It used to be said that the British class system resembled that found on the country's trains: three distinct classes, open to all according to their ability to pay.
Similarly, Bangladesh's divided class system is replicated in the creaking Dhaka transport system.
The poor are forced to sweat it out on the city's 500,000 cycle-rickshaws and thousands of battered old buses, while the rich have their cars and jeeps, complete with a hardy driver able to negotiate the chaotic traffic.
Most people I spoke to in Dhaka, from businessmen to NGO workers and tuk-tuk drivers, agreed that their city was split between the very rich and the very poor, with a small middle class.

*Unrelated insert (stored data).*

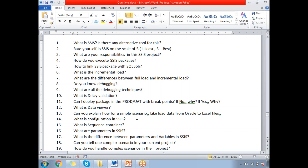Do you know debugging? As a SSIS developer, debugging is very important. Debugging helps us track the execution of the SSIS package during runtime. There are two debugging techniques: at the control flow level, you can do debugging with the help of breakpoints; at the data flow level, you can do debugging with the help of data viewers. Breakpoints and data viewers are the tools that enable debugging in SSIS.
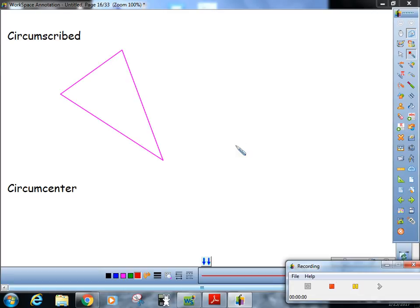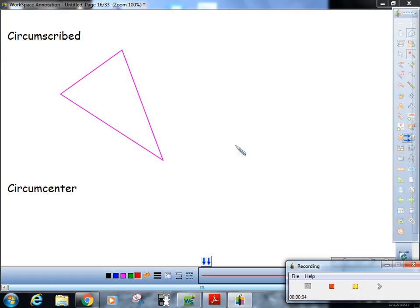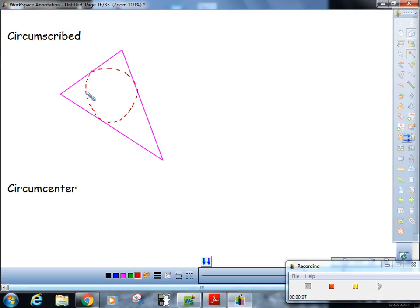Okay, you've heard this word circumcenter before. If a triangle is circumscribed, that means you could draw a circle inside of it.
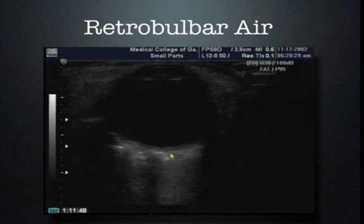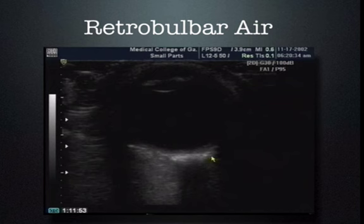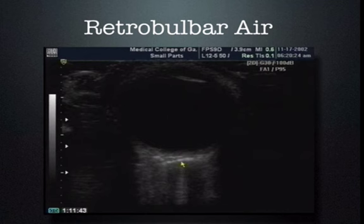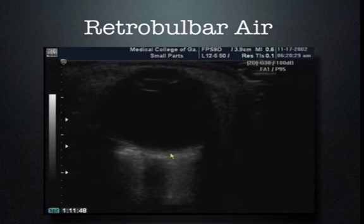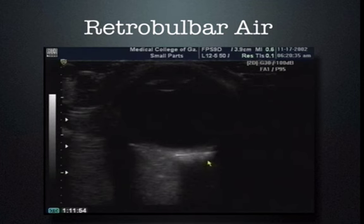Retrobulbar air will be found in some cases. The air appears as a bright echogenic line causing a dirty shadow, and it moves with patient positioning or head and eye positioning. This could indicate a sinus fracture or something else. It's easily seen because air is quite echogenic and causes that typical shadow appearance.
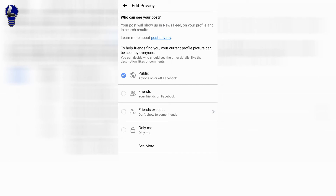Here you can choose the privacy for your profile picture. You can make it public, you can choose friends, you can choose which friends, or you can make it for only me. If you'd like to make it completely private where nobody can comment on it, go ahead and click on only me.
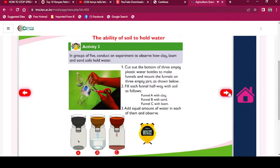The ability of soil to hold water. Activity 3: In groups of five, conduct an experiment to observe how clay, loam, and sand soils hold water. Cut out the bottom of three empty plastic water bottles to make funnels and mount them on three empty jars. Fill each funnel halfway with soil — Funnel A with clay, Funnel B with sand, Funnel C with loam. Add an equal amount of water in each and observe.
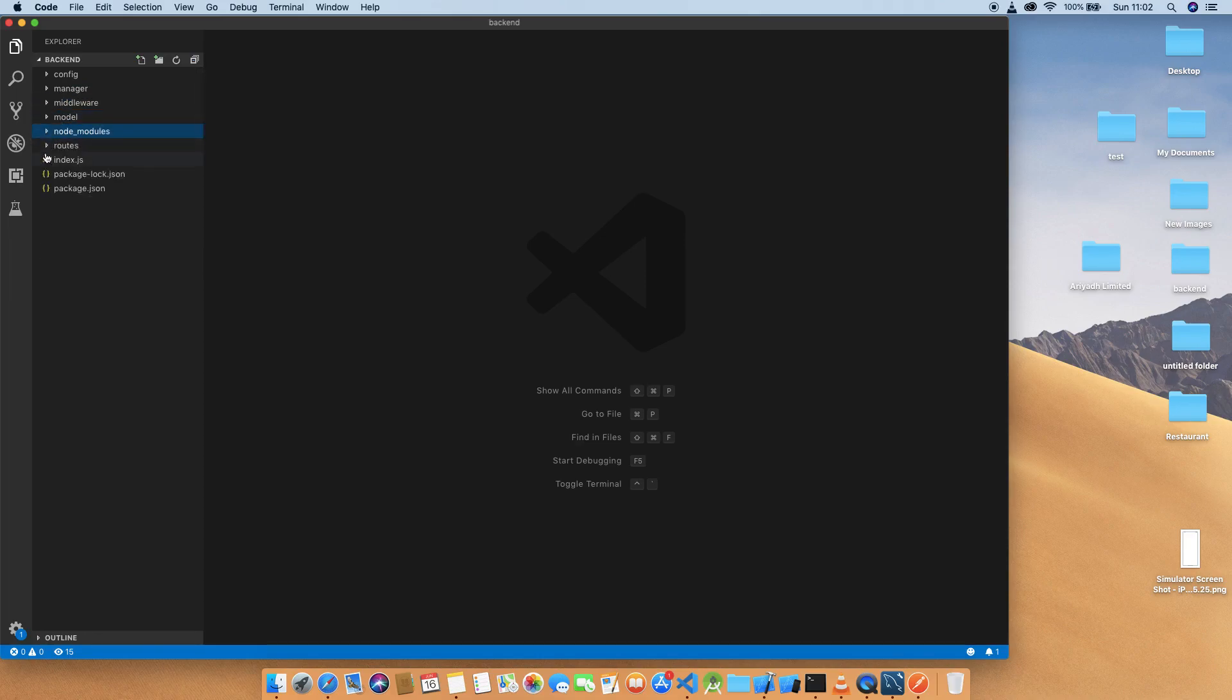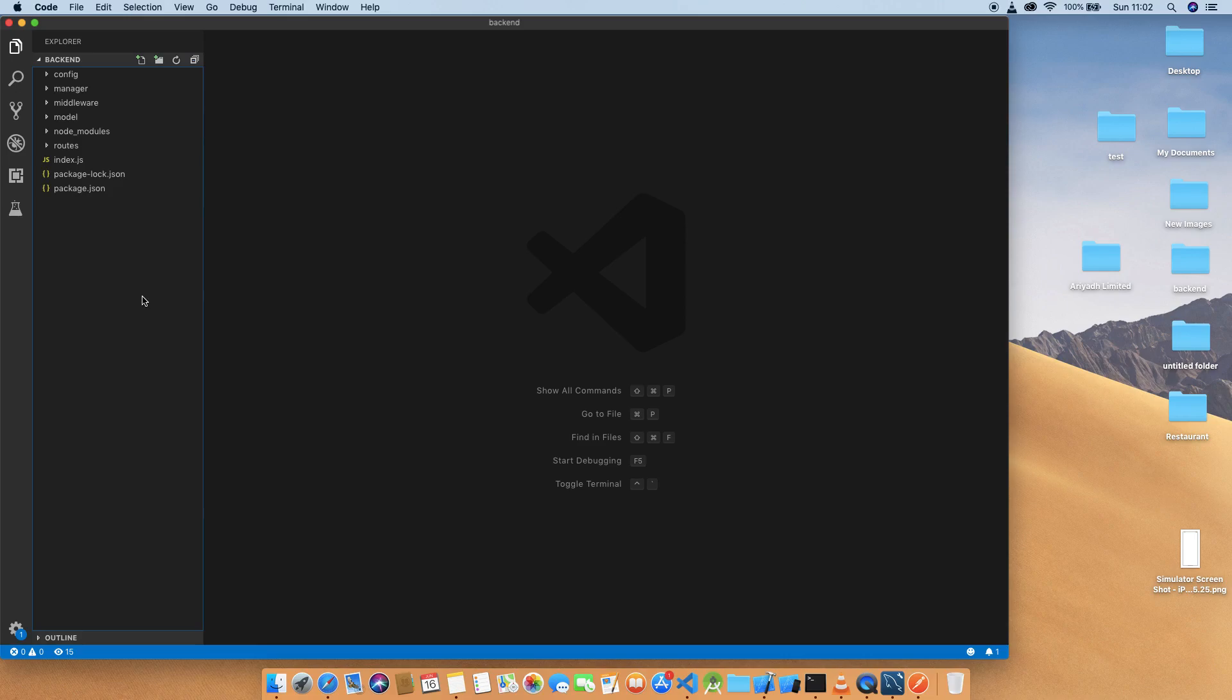After we finish the backend, we will use this backend for another course which is iOS design, iOS apps for the restaurant using this backend.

The motorbike, long the symbol of the growing middle class in countries like India, Indonesia and Vietnam, is hardly anywhere to be seen in Dhaka.
One by-product of this bizarre combination of large cars and buses and countless slow-moving rickshaws is total gridlock on the streets apart from on Friday morning, when people sleep in or go to the mosque.
It can easily take over an hour to travel a couple of miles so, on days when I had a number of meetings spread across this sprawling city, I probably spent half my time traveling.
There is, however, one up-side to this dire situation. As one entrepreneur told me, "you can't use the excuse that you're late because of the traffic, because it's always terrible".